[YOUR ASSIGNMENT]
Set down exactly the lines from the one containing "2022 Tesla Model 3 Rear-Wheel Drive" through the last line of the records below, both included, and nothing else.

[TASK DATA]
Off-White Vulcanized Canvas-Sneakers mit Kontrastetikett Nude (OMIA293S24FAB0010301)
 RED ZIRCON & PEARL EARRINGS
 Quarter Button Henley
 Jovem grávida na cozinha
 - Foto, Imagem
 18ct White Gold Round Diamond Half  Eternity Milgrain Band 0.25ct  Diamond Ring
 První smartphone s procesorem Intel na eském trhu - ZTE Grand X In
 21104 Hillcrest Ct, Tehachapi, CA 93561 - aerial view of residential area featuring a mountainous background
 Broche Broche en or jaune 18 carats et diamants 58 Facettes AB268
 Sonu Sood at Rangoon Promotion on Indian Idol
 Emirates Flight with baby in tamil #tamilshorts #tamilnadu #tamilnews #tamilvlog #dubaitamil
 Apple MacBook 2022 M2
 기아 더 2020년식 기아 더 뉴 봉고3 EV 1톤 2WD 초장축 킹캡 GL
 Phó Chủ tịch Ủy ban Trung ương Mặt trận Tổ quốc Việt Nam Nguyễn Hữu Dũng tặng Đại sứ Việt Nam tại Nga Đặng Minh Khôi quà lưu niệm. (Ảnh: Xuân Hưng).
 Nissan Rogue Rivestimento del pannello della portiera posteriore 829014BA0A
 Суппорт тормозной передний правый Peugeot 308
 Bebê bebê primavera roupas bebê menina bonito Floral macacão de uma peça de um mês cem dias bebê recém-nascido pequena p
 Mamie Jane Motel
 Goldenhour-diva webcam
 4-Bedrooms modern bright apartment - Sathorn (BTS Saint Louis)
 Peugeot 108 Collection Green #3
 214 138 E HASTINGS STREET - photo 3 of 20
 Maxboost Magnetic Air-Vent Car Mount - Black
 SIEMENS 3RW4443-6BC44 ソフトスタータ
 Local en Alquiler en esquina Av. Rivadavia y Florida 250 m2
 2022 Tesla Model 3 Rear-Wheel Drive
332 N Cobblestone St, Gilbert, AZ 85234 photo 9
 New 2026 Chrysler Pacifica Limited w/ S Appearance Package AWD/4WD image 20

[OUTPUT FOR THIS EXERCISE]
 2022 Tesla Model 3 Rear-Wheel Drive
332 N Cobblestone St, Gilbert, AZ 85234 photo 9
 New 2026 Chrysler Pacifica Limited w/ S Appearance Package AWD/4WD image 20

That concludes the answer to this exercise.